Why Red Light Cams Are Increasingly Costing You Money: Fight Back This Way
NEW YORK ( MainStreet)Privatized traffic law enforcement systems are spreading rapidly across the United States. As many as 700 local jurisdictions have entered into deals with for profit companies to install camera systems at intersections and along roadways that automatically detect violations of traffic laws, take photos of offending vehicles and identify license plates. Typically, tickets are delivered by mail to the registered owner of the vehicle. Traffic ticket expert Steve Miller encourages drivers to fight back.
"You can't lose by contesting a ticket. The worst case scenario is winding up right back where you started," said Miller who founded TicketBust.com.
The National Motorists Association estimates between 25 and 50 million traffic tickets are issued each year. Assuming an average ticket cost of $150, the total up front profit from tickets ranges from $3.75 to $7.5 billion dollars. In California alone, 18 million tickets were issued, more than in any other state and with less than 5% of drivers contesting.
Miller receives an estimated 10 calls a day from drivers seeking assistance with a ticket in collections. Below are his tips for getting a ticket dismissed before it gets that far:
- 1. While each case and company is different, firms like Ticketbust.com charge about $249 to handle a ticket. "The average speeding ticket is $300 but every penalty is different based on city and county," Miller said. "Red light camera ticket are in the range of $500, texting while driving or mobile phone tickets are about $150 for the first time and $300 for the second."
- 2. When you get pulled over for a traffic ticket, don't confront the police officer or be argumentative, and don't provide any information law enforcement doesn't request.
- 3. The best way to contest a ticket is by filing a trial by written declaration (TBD), which allows a driver to contest without going to court. "If it's not dismissed after filing a trial by written declaration, you can still go to traffic court, request a trial or just pay it," said Miller whose office is in California.
- 4. When contesting in writing or in court, do your research with online maps. "Look at the intersection to determine if the officer could actually see if you violated a traffic law," Miller said.

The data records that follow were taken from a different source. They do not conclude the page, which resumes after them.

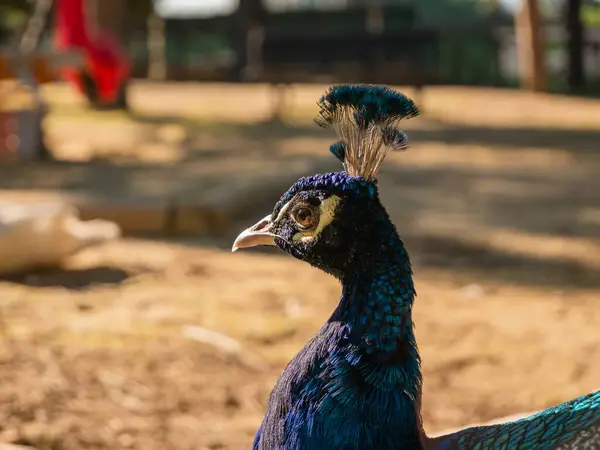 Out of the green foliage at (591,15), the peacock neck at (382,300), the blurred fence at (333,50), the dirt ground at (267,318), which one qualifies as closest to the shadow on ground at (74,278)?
the dirt ground at (267,318)

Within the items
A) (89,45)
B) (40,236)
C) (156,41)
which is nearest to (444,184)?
(40,236)

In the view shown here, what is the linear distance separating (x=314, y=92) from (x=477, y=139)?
7582 millimetres

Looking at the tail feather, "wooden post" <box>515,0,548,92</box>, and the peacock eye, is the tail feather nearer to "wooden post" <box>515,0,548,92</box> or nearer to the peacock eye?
the peacock eye

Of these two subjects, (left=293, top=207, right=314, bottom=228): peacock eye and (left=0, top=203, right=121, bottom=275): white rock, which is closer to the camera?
(left=293, top=207, right=314, bottom=228): peacock eye

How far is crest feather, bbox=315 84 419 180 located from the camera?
1852 millimetres

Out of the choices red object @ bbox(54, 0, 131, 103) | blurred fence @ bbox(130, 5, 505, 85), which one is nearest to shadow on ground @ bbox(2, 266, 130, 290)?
red object @ bbox(54, 0, 131, 103)

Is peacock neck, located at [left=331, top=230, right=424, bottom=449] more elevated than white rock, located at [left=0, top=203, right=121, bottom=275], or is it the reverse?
peacock neck, located at [left=331, top=230, right=424, bottom=449]

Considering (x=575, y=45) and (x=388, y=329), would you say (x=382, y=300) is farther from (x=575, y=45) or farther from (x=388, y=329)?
(x=575, y=45)

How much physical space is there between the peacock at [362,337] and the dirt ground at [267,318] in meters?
1.33

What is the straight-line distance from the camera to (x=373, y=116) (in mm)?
1855

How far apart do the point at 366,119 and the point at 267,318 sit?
107 inches

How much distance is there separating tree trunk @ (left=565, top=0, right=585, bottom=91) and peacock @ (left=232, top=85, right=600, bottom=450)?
1680cm

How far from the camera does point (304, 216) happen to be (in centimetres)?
192

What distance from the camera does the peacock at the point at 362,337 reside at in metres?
1.79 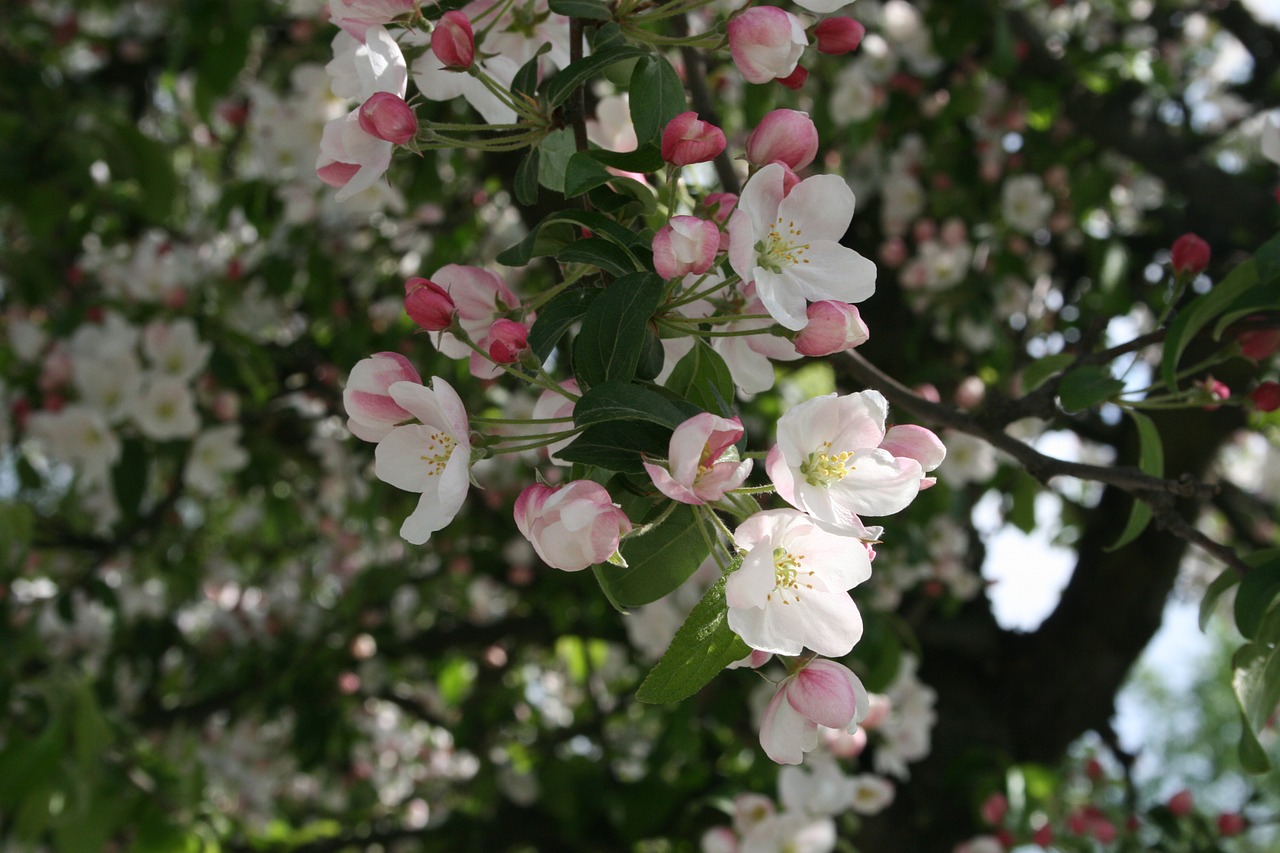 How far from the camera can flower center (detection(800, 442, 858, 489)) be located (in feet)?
2.36

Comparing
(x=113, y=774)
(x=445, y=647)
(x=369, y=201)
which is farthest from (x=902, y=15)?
(x=113, y=774)

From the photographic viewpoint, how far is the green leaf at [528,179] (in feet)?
2.75

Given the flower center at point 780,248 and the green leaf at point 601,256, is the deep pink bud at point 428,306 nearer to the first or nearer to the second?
the green leaf at point 601,256

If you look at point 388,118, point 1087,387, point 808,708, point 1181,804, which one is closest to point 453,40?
point 388,118

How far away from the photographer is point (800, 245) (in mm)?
816

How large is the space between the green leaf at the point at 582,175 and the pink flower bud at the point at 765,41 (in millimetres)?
150

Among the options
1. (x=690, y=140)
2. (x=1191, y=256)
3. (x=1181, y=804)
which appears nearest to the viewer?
(x=690, y=140)

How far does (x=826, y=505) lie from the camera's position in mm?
705

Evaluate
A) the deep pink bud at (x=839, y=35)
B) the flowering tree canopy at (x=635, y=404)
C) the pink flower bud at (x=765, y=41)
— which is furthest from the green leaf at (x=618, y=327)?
the deep pink bud at (x=839, y=35)

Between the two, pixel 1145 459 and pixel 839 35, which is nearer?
pixel 839 35

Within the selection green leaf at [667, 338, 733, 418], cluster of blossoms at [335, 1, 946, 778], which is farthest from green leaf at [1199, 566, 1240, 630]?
green leaf at [667, 338, 733, 418]

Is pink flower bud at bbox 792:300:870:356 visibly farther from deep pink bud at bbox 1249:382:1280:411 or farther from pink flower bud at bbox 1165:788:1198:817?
pink flower bud at bbox 1165:788:1198:817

- 5. Don't wait until after a ticket is in collections to contact a company such as TicketBust.com for assistance. "Contact us prior to going to court and prior to your arraignment date. We can then put together a proper defense," Miller said. "We know what to say and what not to say in a declaration to maximize your chances of getting the ticket dismissed. A lot of times it's what you don't say that's important."
- 6. Deal with the situation immediately. "If you let the ticket go, it will eventually become a failure to appear (FTA) then go into collection and once it hits your credit report, the ticket will affect you in more ways than just a point on your driving record and a fine," Miller said.
- 7. It costs your local municipality more money when you go into court than it does the fine for the ticket. "Your chances of getting a ticket dismissed are far greater with a TBD, because it doesn't take up court time," said Miller.